TASK GOAL - Only the lines from the one containing "Headlight level height control switch" through the end of the data below are to be repeated, exactly as given, without pictures.

DATA SECTION -
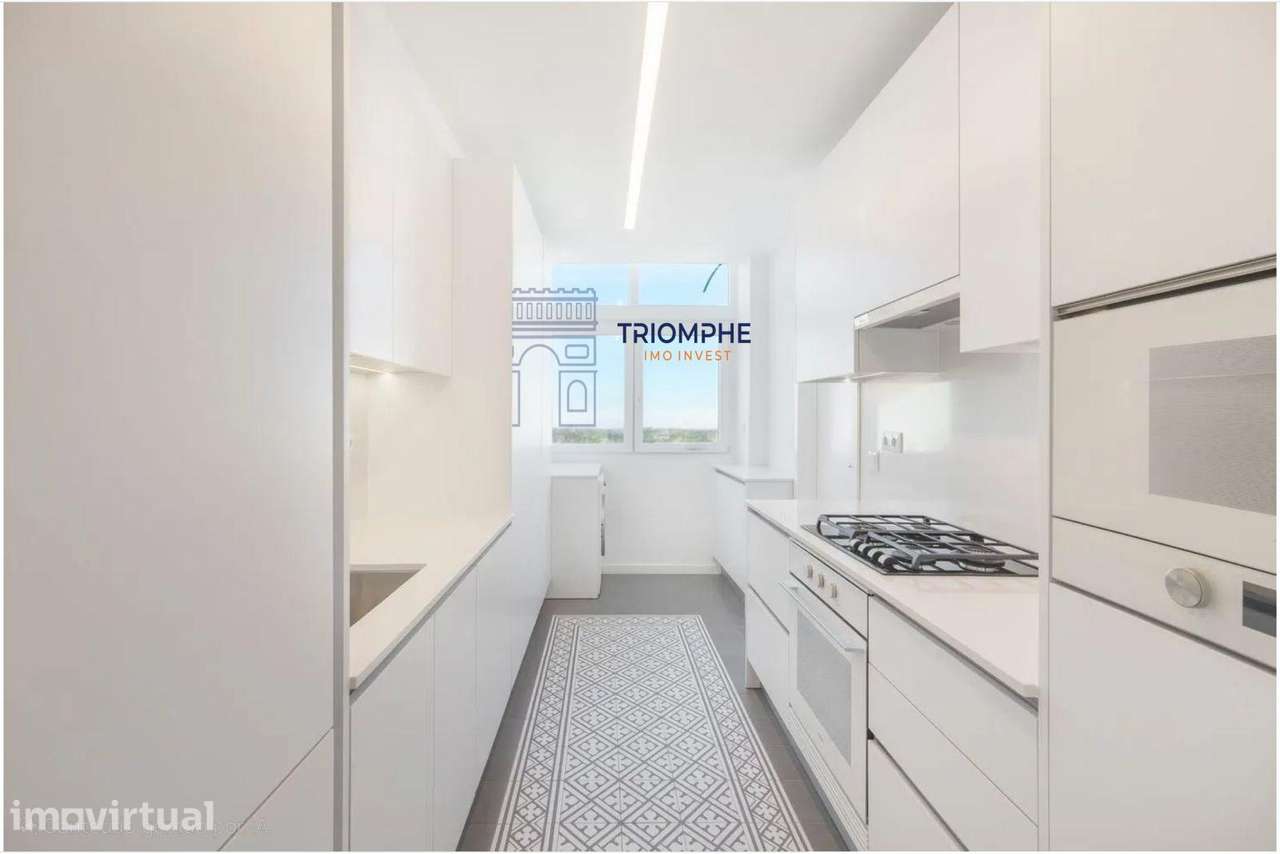 Apartamento T3 totalmente renovado com varanda, Benfica - Grande imagem: 2/26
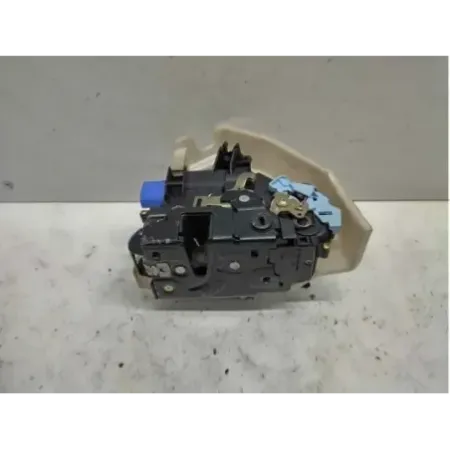 Serrure porte arriere droite volkswagen golf 5 v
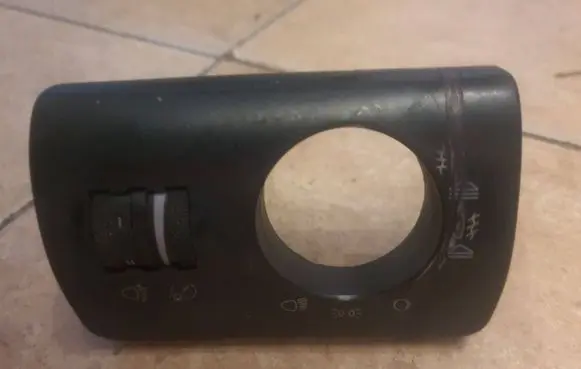Headlight level height control switch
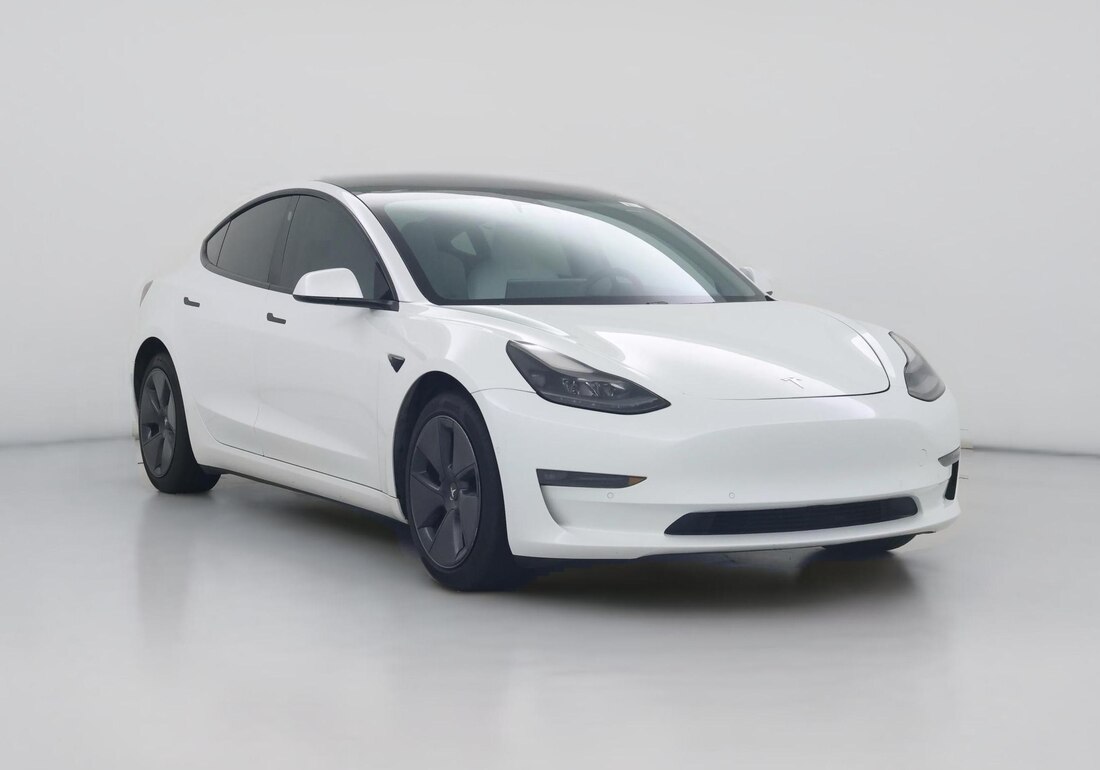2021 Tesla Model 3 Long Range All-Wheel Drive in White — CarMax photo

RESPONSE BOX -
Headlight level height control switch
2021 Tesla Model 3 Long Range All-Wheel Drive in White — CarMax photo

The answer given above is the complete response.